Both Maag and Karmeier attended a news conference in Collinsville called Wednesday by the bar association, which has formed a committee to monitor questionable campaigning. Both agreed to disavow any campaigning -- including that done by third parties -- deemed to adversely affect the reputation or dignity of the courts.
Karmeier and Maag each signed a pledge stating they will "disavow advertisements that impugn the dignity, integrity or independence of a candidate ... or which erode public trust and confidence in the dignity, integrity or independence of the judiciary."
The race has been heated between Karmeier, a Republican circuit judge from Washington County, and Maag, a Democrat and appellate court justice from Glen Carbon. An anonymous person claiming to be a disgruntled Republican has taken trash from outside the office of Karmeier's campaign manager, and a Karmeier staffer has sued a representative of an interest group who visited the staffer's ex-wife while investigating him.
Projections are that more than $1 million will be thrown at the race, much of it by interest groups.
Illinois State Bar Association president Ole Bly Pace III said the group is concerned the race will become part of a national trend of interest groups trying to "inject their favorite issues" into judicial races.
"Our citizens must be able to have confidence that they can turn to our courts and receive a fair hearing and justice," Pace said. "Ad campaigns that suggest judges are merely tools of interest groups help destroy confidence in our system of justice. Our system of justice cannot leave the impression that judicial elections are based on political parties or particular interest groups."
Interest groups already are weighing in on the race. Business groups have been helping Karmeier, while plaintiff attorneys recently have made big donations to the state Democratic Party. Business groups predict the donations from the plaintiff attorneys will be funneled to Maag.
After the news conference, Karmeier submitted a letter to the committee voicing concern.
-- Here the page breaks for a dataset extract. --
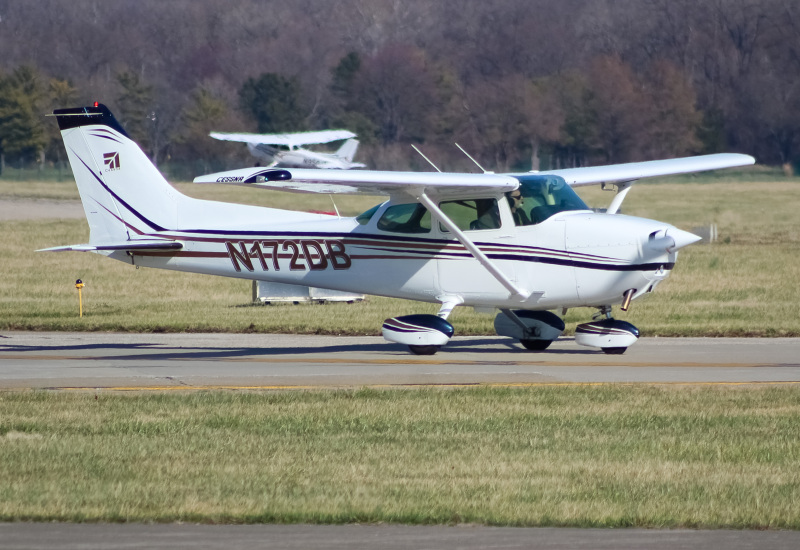Photo of N172DB - PRIVATE  Cessna 172 at LUK on AeroXplorer Aviation Database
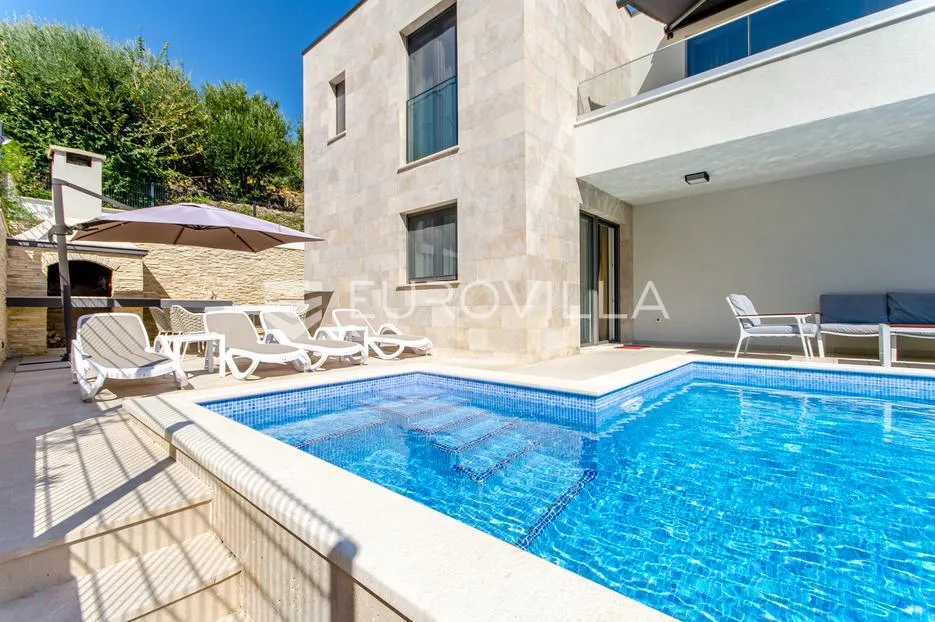 split, žrnovnica, vila s bazenom na mirnoj lokaciji - slika 27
"I have already experienced the continuing distribution of extremely negative literature from an organization admittedly funded in substantial part by lawyers who may well be members of the ISBA," Karmeier wrote.
He declined to elaborate. Victims and Families United, a Madison County-based plaintiffs group backed by lawyers, has been critical of Karmeier.
Maag, when asked whether he's seen any campaigning he'd like the committee to address, replied: "I simply say, let's get on with it. That's in the past."
The committee's chairman, Rockford attorney Thomas Johnson, said the committee will go to the press when candidates are asked to publicly disavow a campaign statement but refuse.
If problem material is distributed by one of the candidates, the candidate will be asked to withdraw it.
Johnson, when asked about hypothetical situations, said it's difficult to define the type of material which would draw action from the committee.
"We hope we'll know it when we see it," he said.
The committee is made up of four Democrats, four Republicans and one with no party affiliation. It will monitor the Maag-Karmeier race, an appellate court race in north-central Illinois and future races for state Supreme Court and appeals courts.
The members, along with Johnson, are attorney Thomas Clancy of Chicago, U.S. Magistrate Judge John Gorman of Peoria, attorney Mary Lee Leahy of Springfield, retired Illinois Supreme Court Justice John Nickels of St. Charles, former appeals court Judge Lawrence Pusateri of Chicago, Southern Illinois University School of Law associate professor Shari Rhode, retired Illinois Supreme Court Justice Seymour Simon and Mary Schaafsma of Chicago, who is judicial project director for Illinois Campaign for Political Reform.